Some veterans of the 1994 GOP takeover of Congress see worrisome parallels between then and now, in the way once-safe districts are turning into potential problems. Incumbents' poll numbers have softened. Margins against their Democratic opponents have narrowed. Republican voters appear disenchanted. The Bush effect now amounts to a drag of five percentage points or more in many districts.
The changes don't guarantee a Democratic takeover by any means, but they are creating an increasingly asymmetrical battlefield for the fall elections: The number of vulnerable Democratic districts has remained relatively constant while the number of potentially competitive Republican districts continues to climb.
Stuart Rothenberg, editor and publisher of a political newsletter, now has 42 Republican districts, including Drake's, on his list of competitive races. Last September, he had 26 competitive GOP districts, and Drake's wasn't on the list. "That's a pretty significant increase," he said. "The national atmospherics are making long shots suddenly less long."
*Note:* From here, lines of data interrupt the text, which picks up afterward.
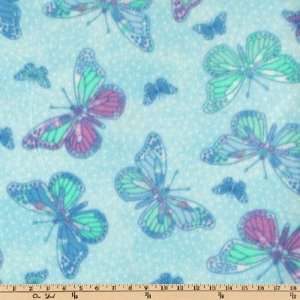   Fleece Flutterbies Blue Fabric By The Yard Arts, Crafts & Sewing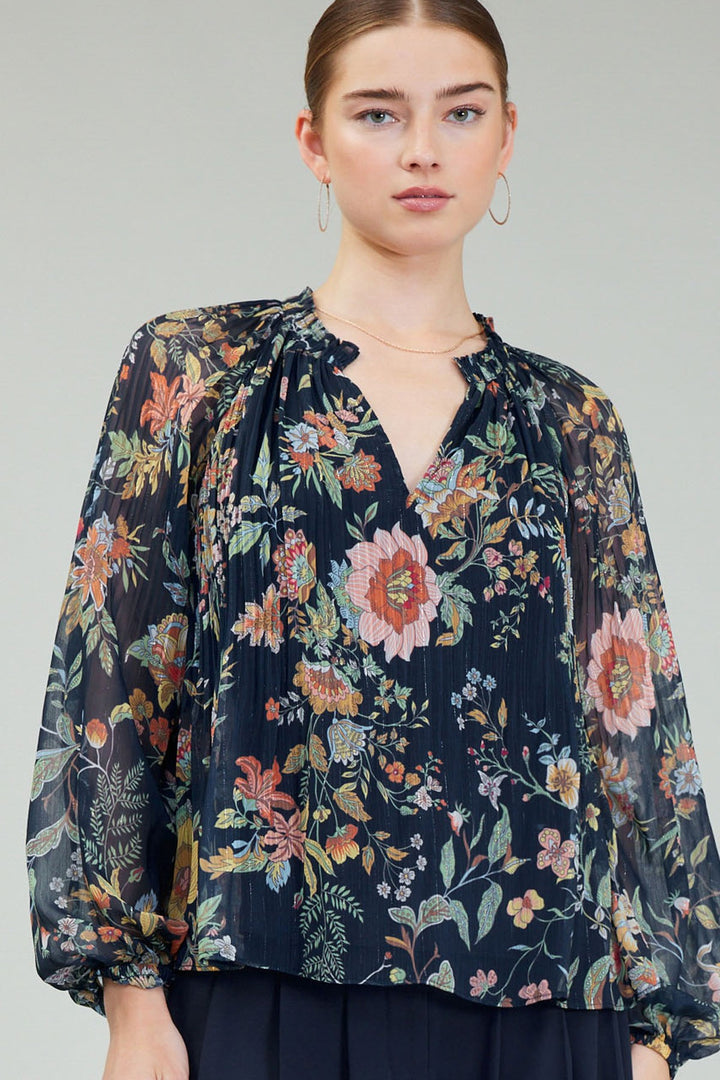 FLORAL PRINTED PLEATED BLOUSE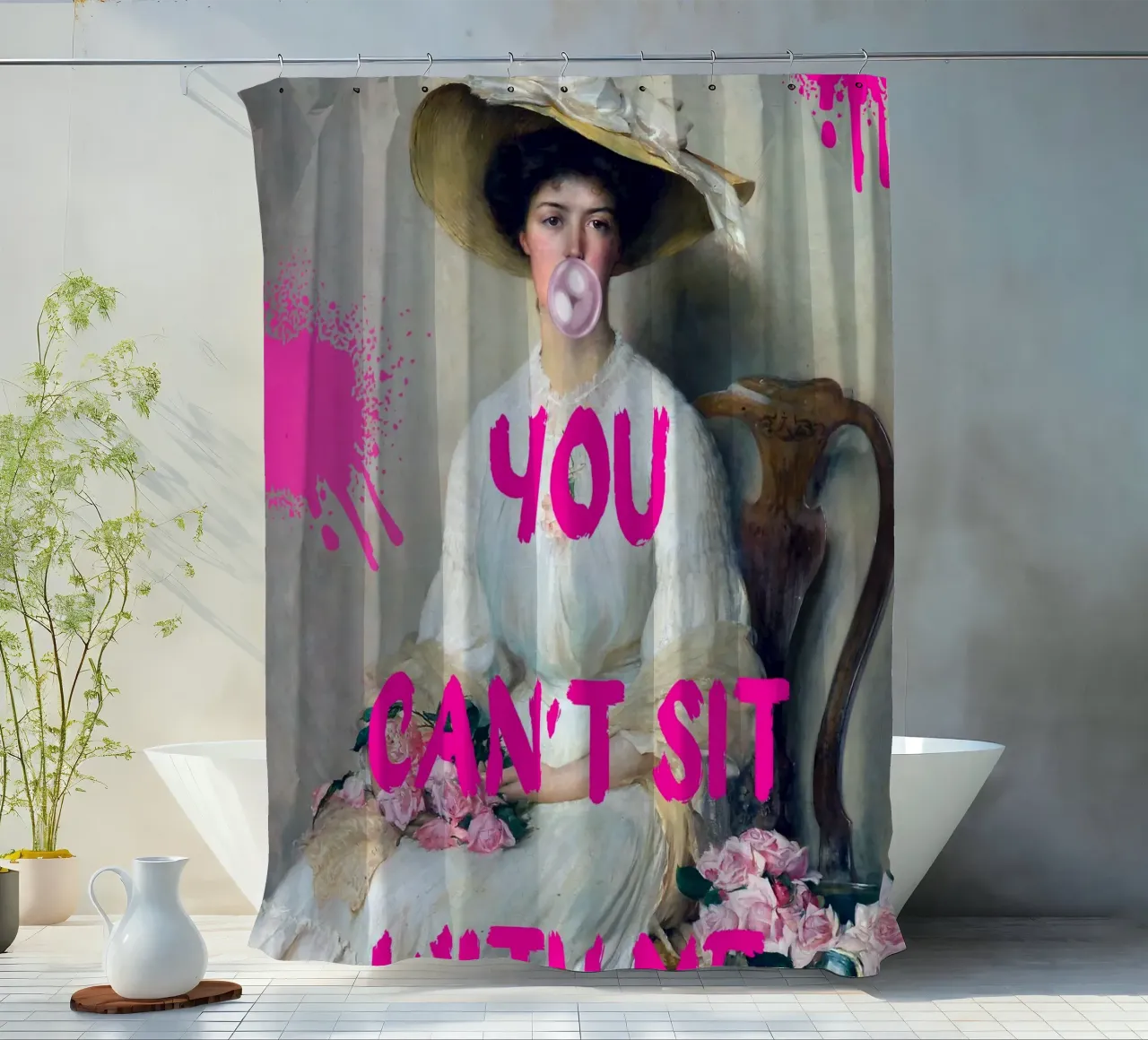 "Can't Sit With Me" - Pop Art, Remix classico, Meme Culture, tenda da doccia da NorwesClub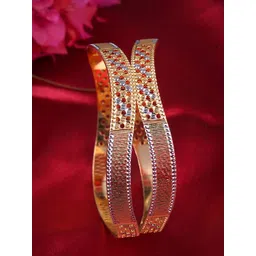 Adwitiya Collection Set Of 2 24CT Gold-Plated Bangles-picture-28
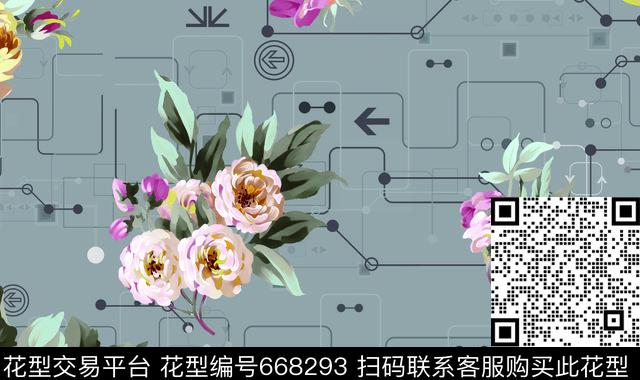 2017年女装新几何牡丹花朵数码印花华亿平台下载（图片编号: 668293） - 瓦栏（Walan）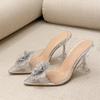 Mode Liyke Sexy Slingback Sandalen Damen Pumps Kristall Strass Blume Spitzzehe Transparent Hohe Absätze Hochzeit Abschlussball Schuhe Gold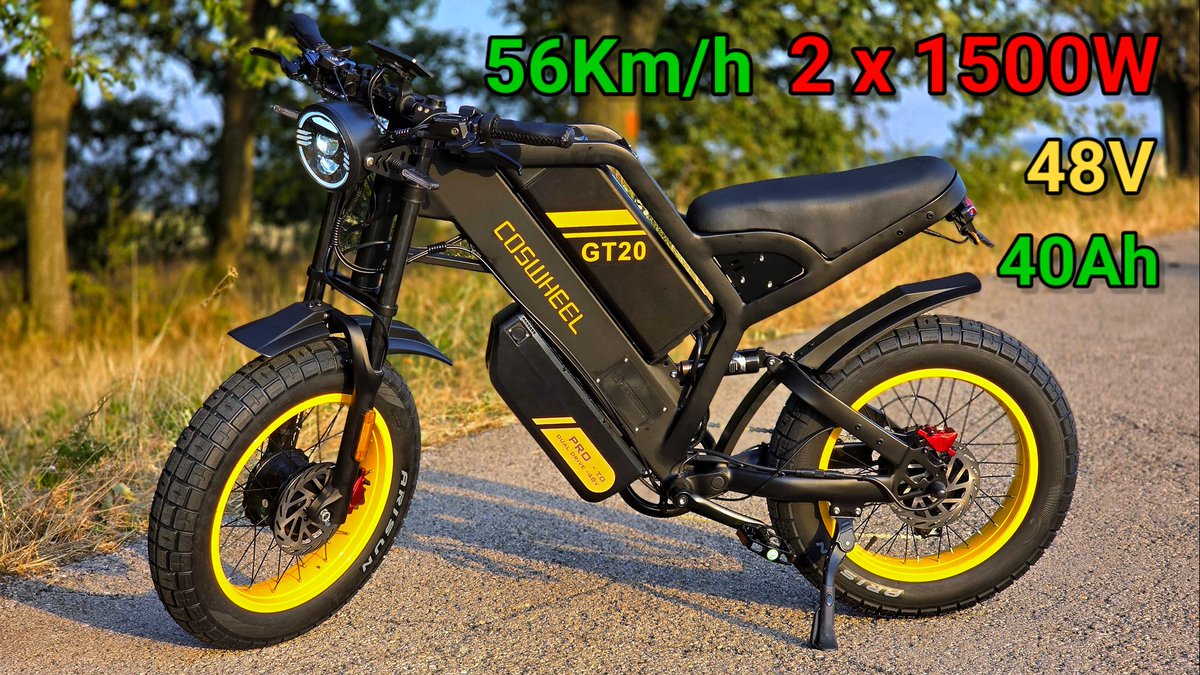 youtu.be/jZ9mcdAy2vs
Coswheel GT20 Pro 48V 3000W eBike with 1.92KWh Dual LiIon Battery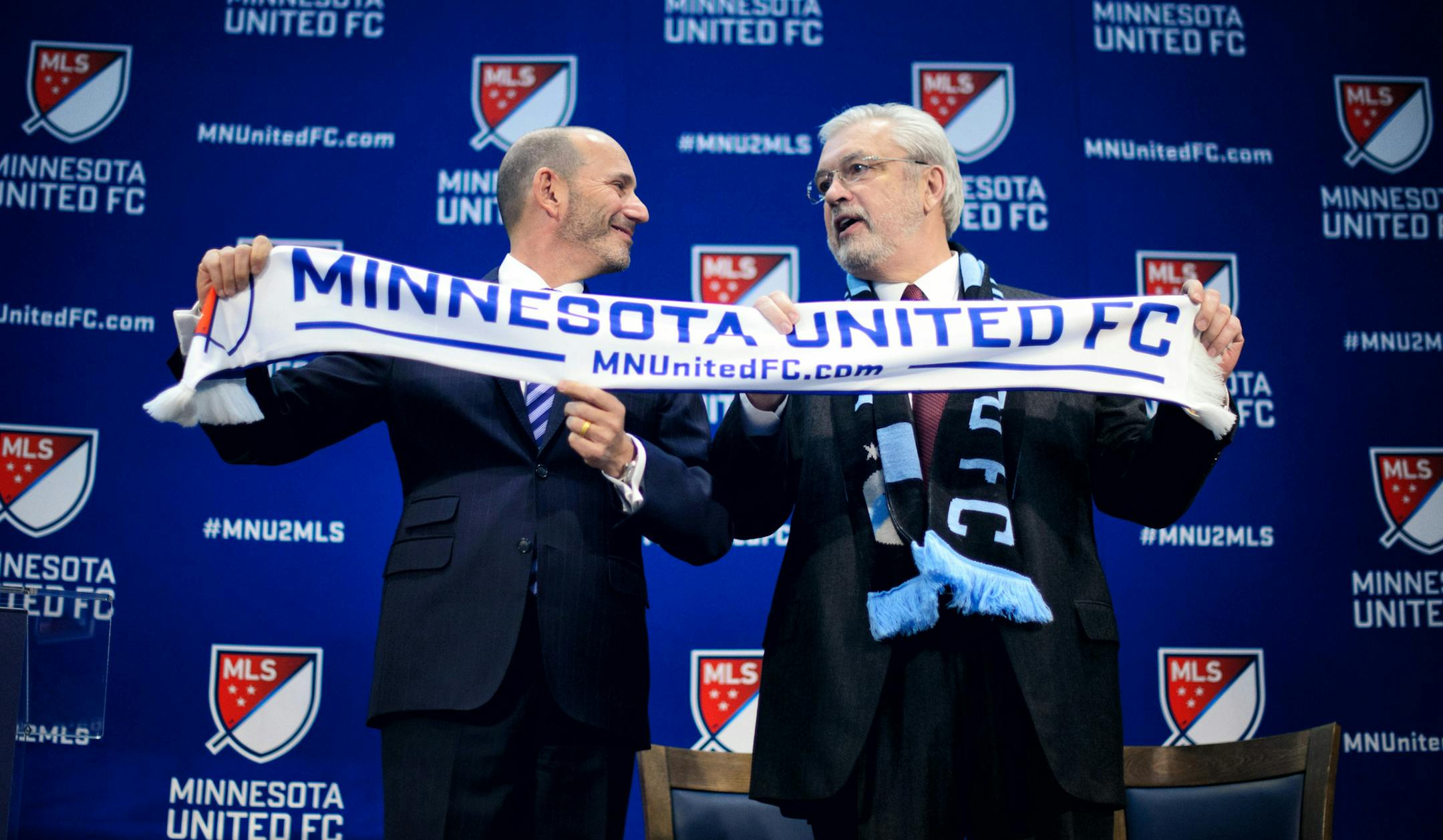 Major League Soccer, Commissioner Don Garber and Dr. Bill McGuire announced that Minnesota will be awarded an expansion soccer team. ] GLEN STUBBE * gstubbe@startribune.com Wednesday, March 25, 2015 Major League Soccer, Commissioner Don Garber and Dr. Bill McGuire announced that Minnesota will be awarded an expansion soccer team.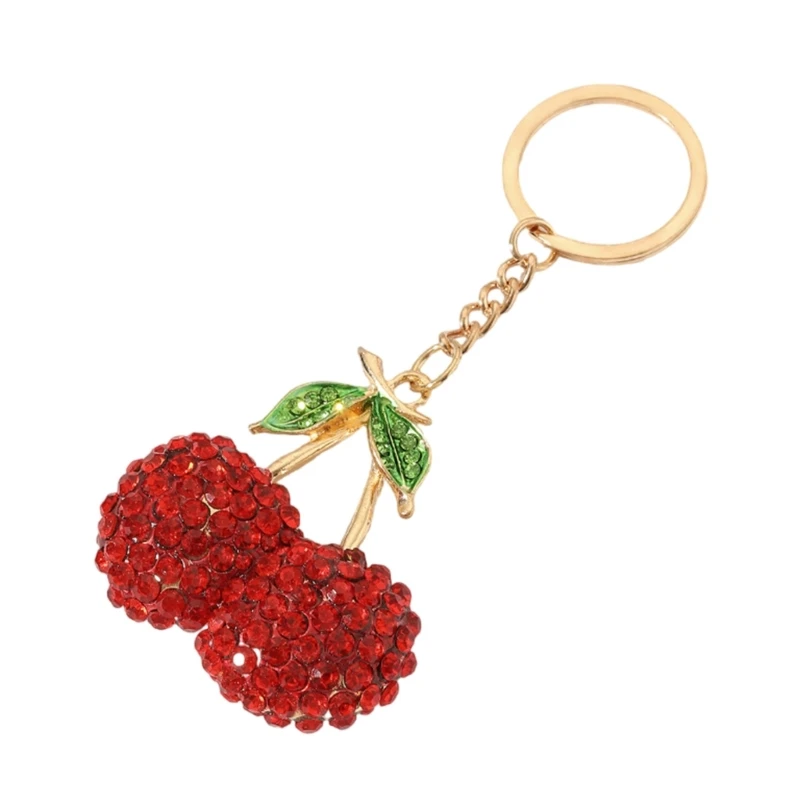 Sparkling 3D Cherries Keychain Charm Rhinestones Bag Accessory Fashionable Fruit Key Ring Ornament for Women F3MD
Articles like these really do nothing to support Democrats. We are aware that the Republican Party is, like, the suxors, but that alone will not get us anywhere. I really hope that articles, which opine about Republican troubles ad nauseam, don’t give the voters the wrong idea. Republicans have their troubles, but all Democrats need to get out and vote, donate, and work to the best of their ability, or else we won’t be getting Congress this year.
Firedog Lake has another article up, highlighting some key Democratic races. The writers at FDL really seem to understand where Democrats need the most help, and I have yet to see them be wrong in any of their candidate backings.